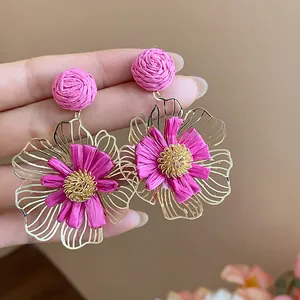 Nahaufnahme von pinken Raffia- und Goldblumenohrringen, die von Hand gehalten werden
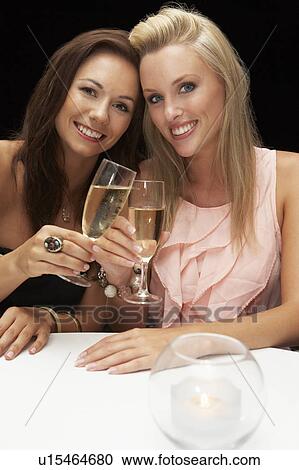 Stock Image - Young women in restaurant. Fotosearch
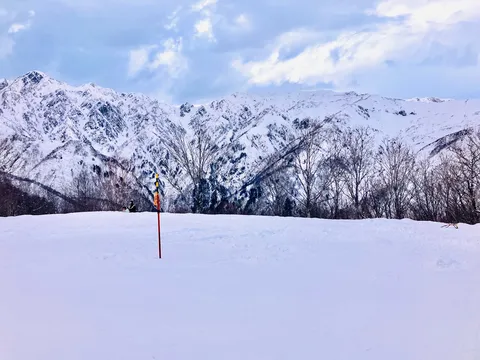 雪山と冬空、鮮やかなポール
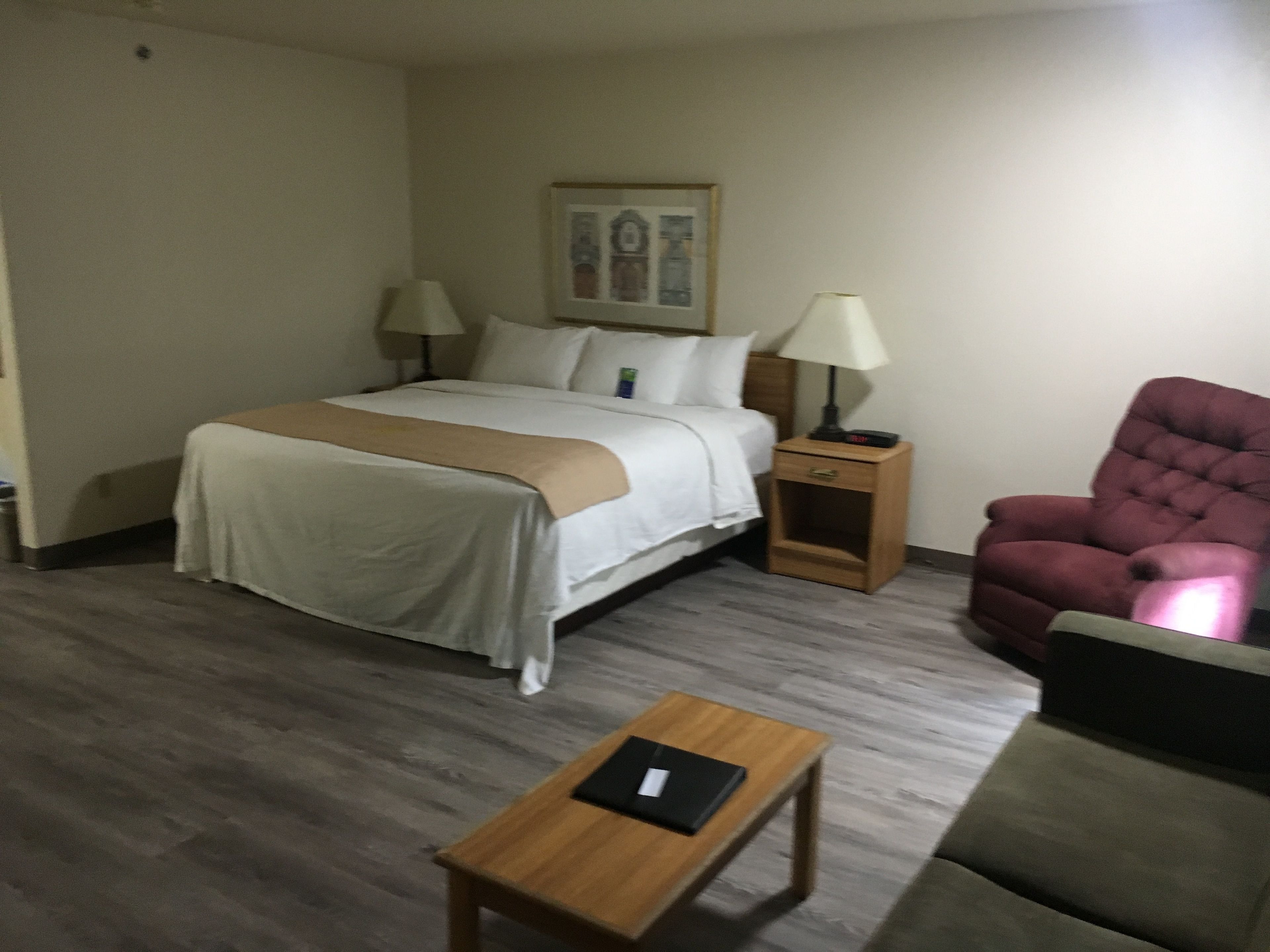 Een hotelkamer met een bed, nachtkastjes, een stoel en een kleintje tafeltje.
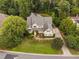 Overhead view of a home in a park-like setting with mature trees, manicured lawn, and a circular driveway at 602 Preston Village Way, Cary, NC 27519
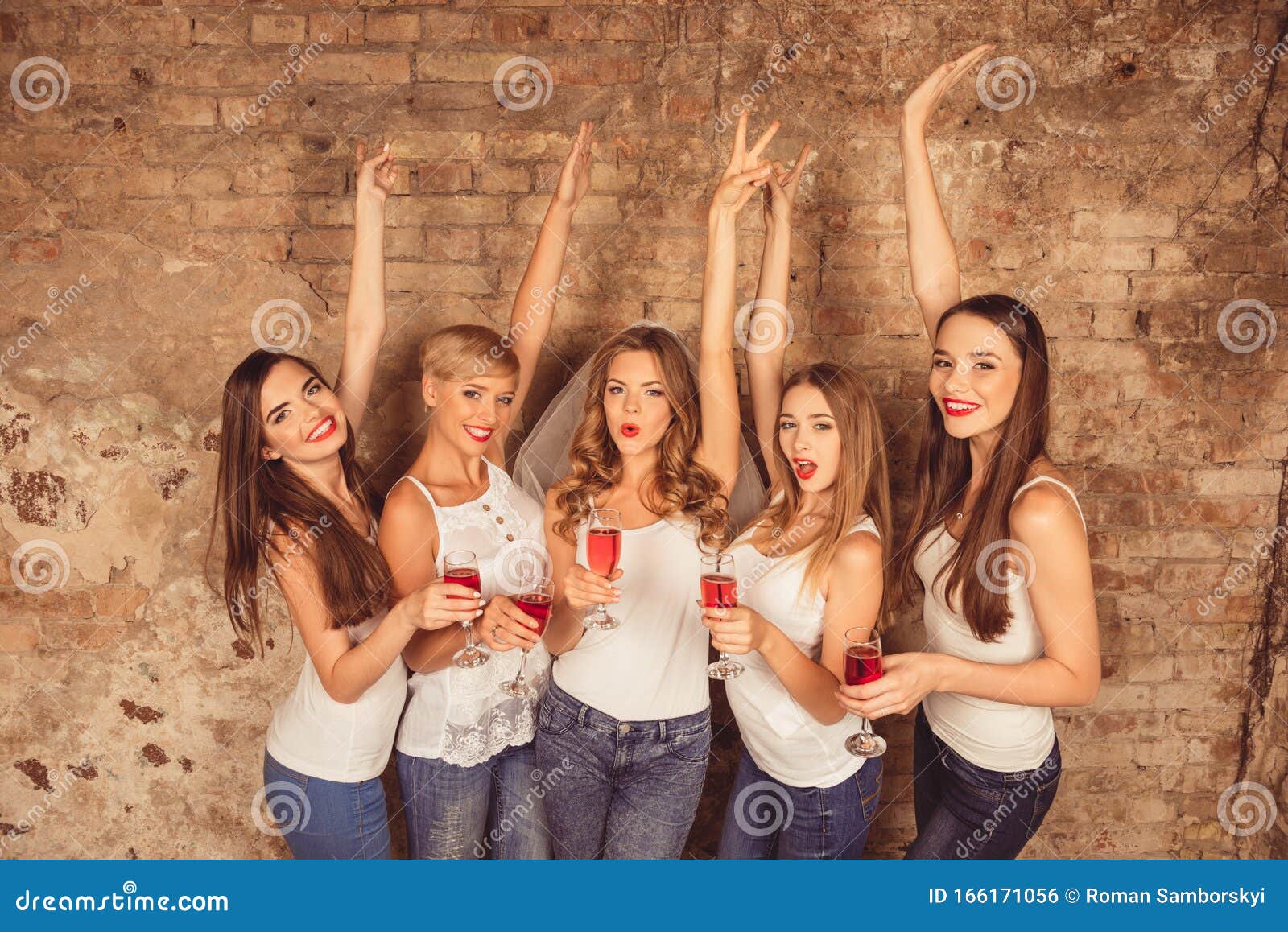 Happy Girls With Raised Hands Celebrating Bachelorette Party Of Brid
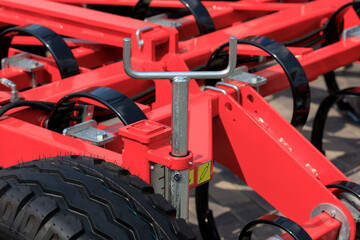Agricultural machinery and parts of mechanisms on a sunny day. Texture, background for design. 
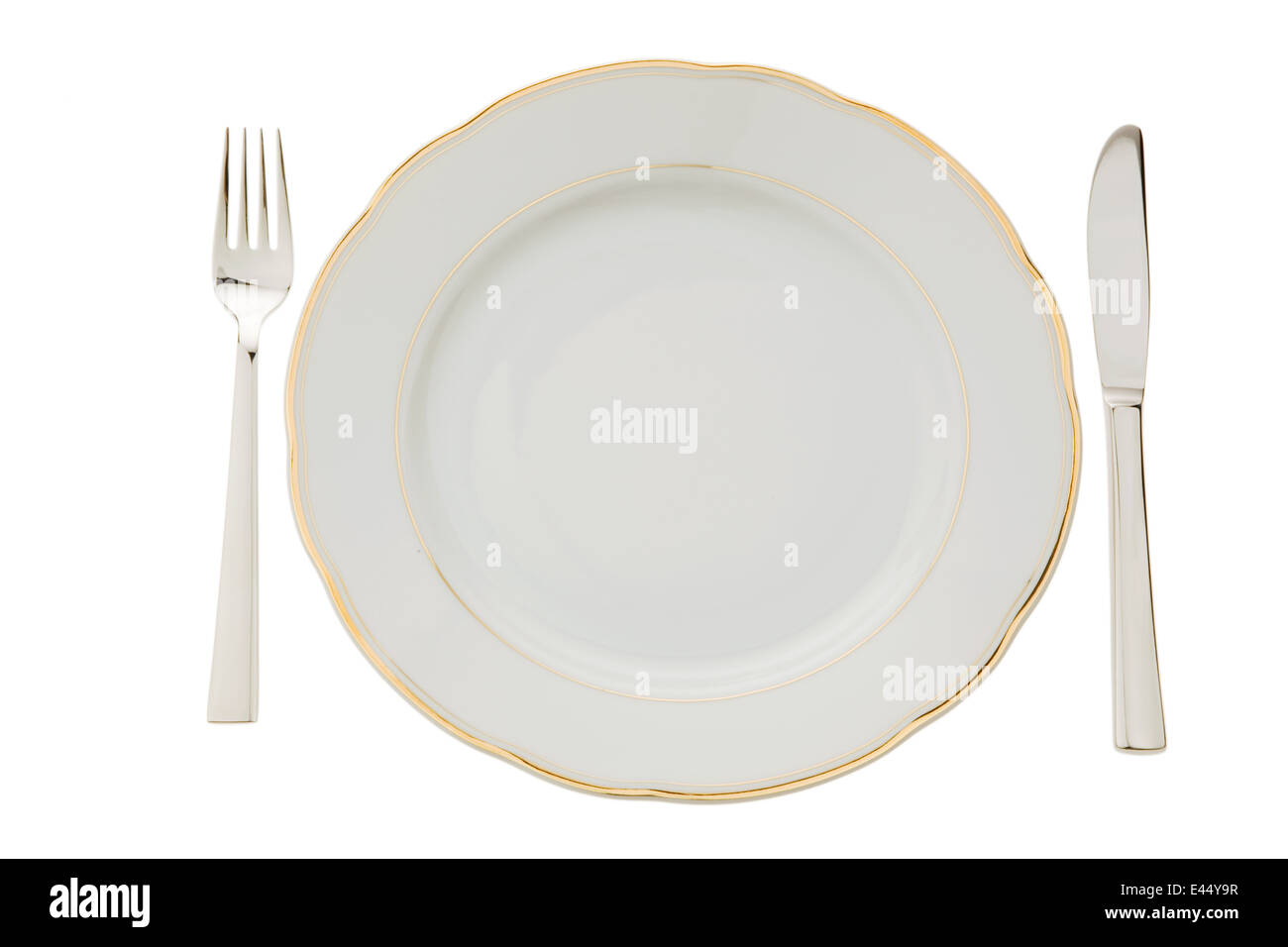 A knife with a fork and plate. Place setting for a dinner at the ...
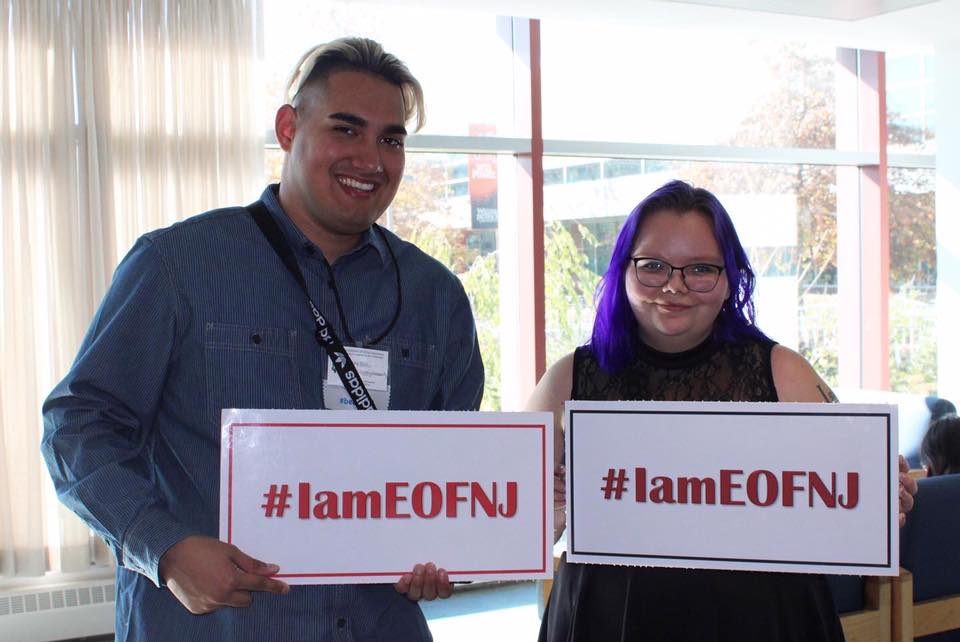 Image of two students holding up signs that say "#IamEOFNJ"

####################

**Work instructions:** In the records above, find the line containing "雪山と冬空、鮮やかなポール" and the line containing "Overhead view of", then give both of them again word for word along with every line between. Omit any pictures.

**Task output:**
 雪山と冬空、鮮やかなポール
 Een hotelkamer met een bed, nachtkastjes, een stoel en een kleintje tafeltje.
 Overhead view of a home in a park-like setting with mature trees, manicured lawn, and a circular driveway at 602 Preston Village Way, Cary, NC 27519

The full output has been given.